# AIM OF THE TASK
Please copy the data exactly as it stands, minus the images.

(Stored entries)
- - - - - - -

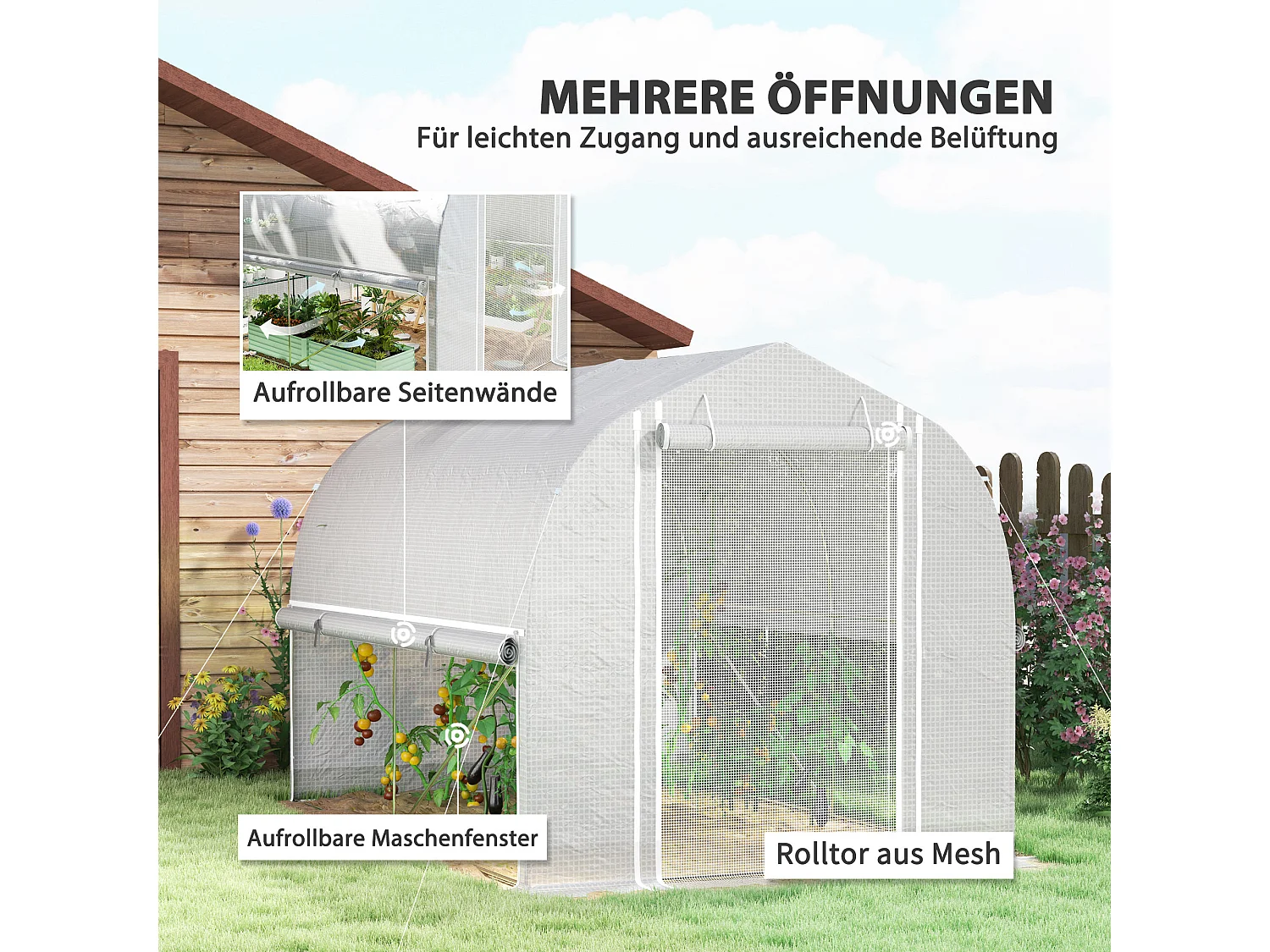 Serre Tunnel en PVC, 3 Fenêtres et Porte, Cadre en Acier Galvanisé, Blanc (3x2x2 m)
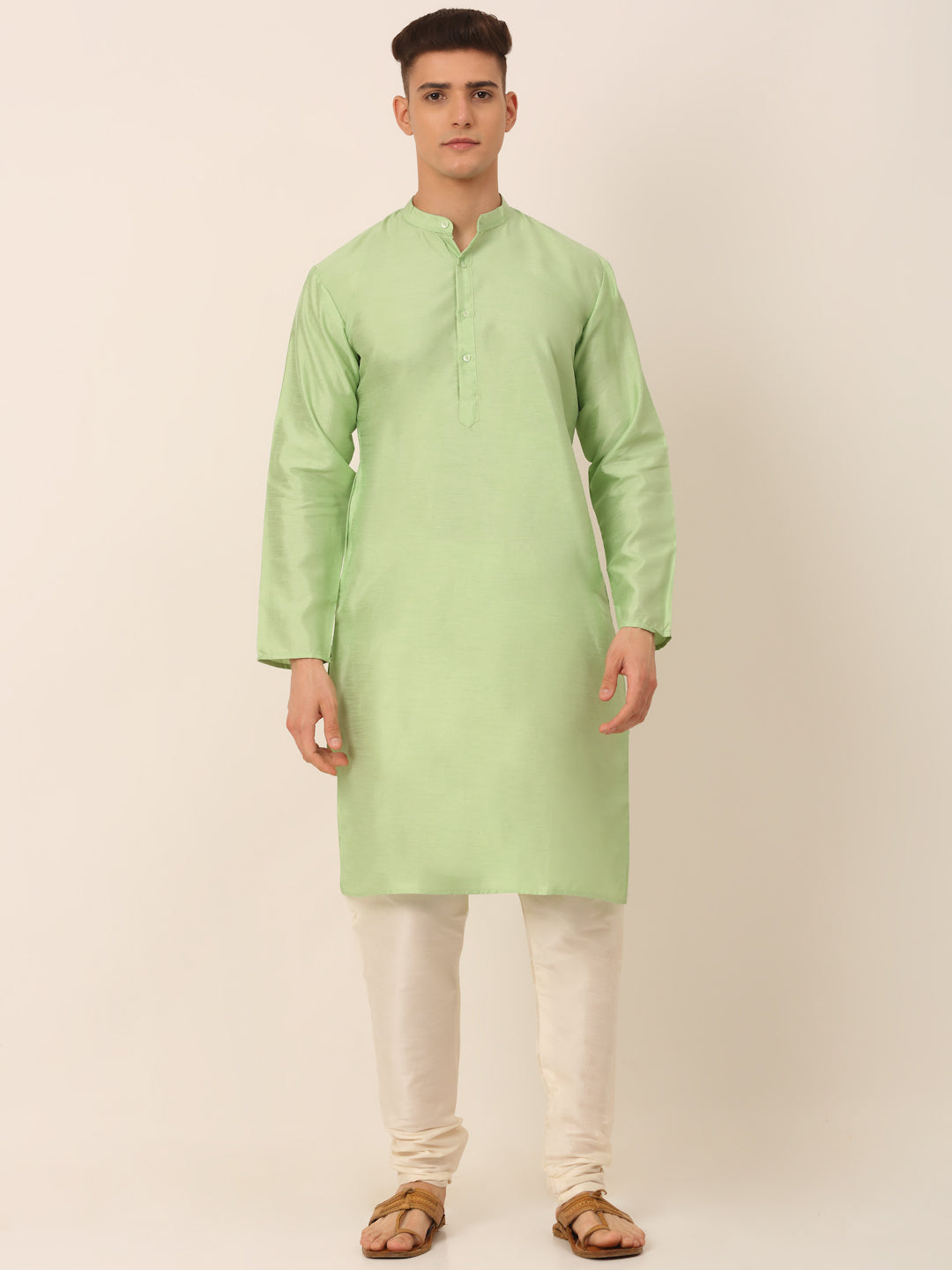 Men's Woven Design Nehru Jacket and Kurta Pyjama Set ( JOKPWC P-D 4045Pista )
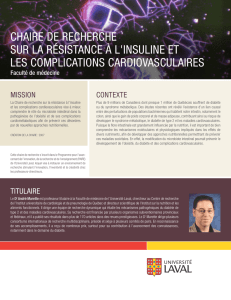 chaire de recherche sur la résistance à l`insuline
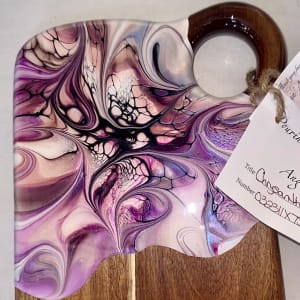 Chrysanthemum Small Charcuterie by Pourin’ My Heart Out - Fluid Art by Angela Lloyd 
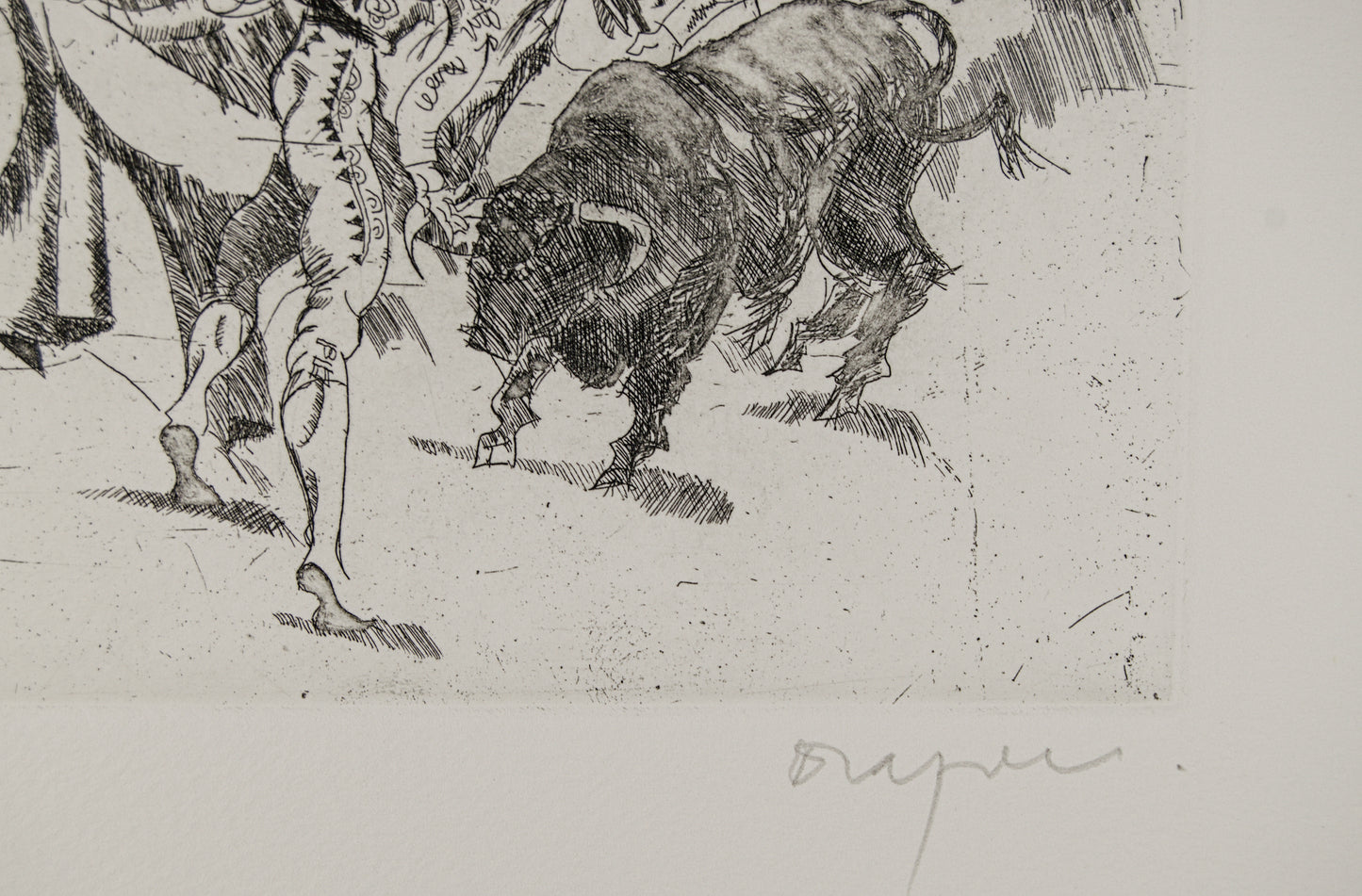 JOSEP M.ª DRAPER | EL LANCE (LA FAENA) | TAUROMAQUIA CONTEMPORÁNEA | AGUAFUERTE ORIGINAL (30/65)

- - - - - - -

# OUTPUT FOR THIS TASK
 Serre Tunnel en PVC, 3 Fenêtres et Porte, Cadre en Acier Galvanisé, Blanc (3x2x2 m)
 Men's Woven Design Nehru Jacket and Kurta Pyjama Set ( JOKPWC P-D 4045Pista )
 chaire de recherche sur la résistance à l`insuline
 Chrysanthemum Small Charcuterie by Pourin’ My Heart Out - Fluid Art by Angela Lloyd 
 JOSEP M.ª DRAPER | EL LANCE (LA FAENA) | TAUROMAQUIA CONTEMPORÁNEA | AGUAFUERTE ORIGINAL (30/65)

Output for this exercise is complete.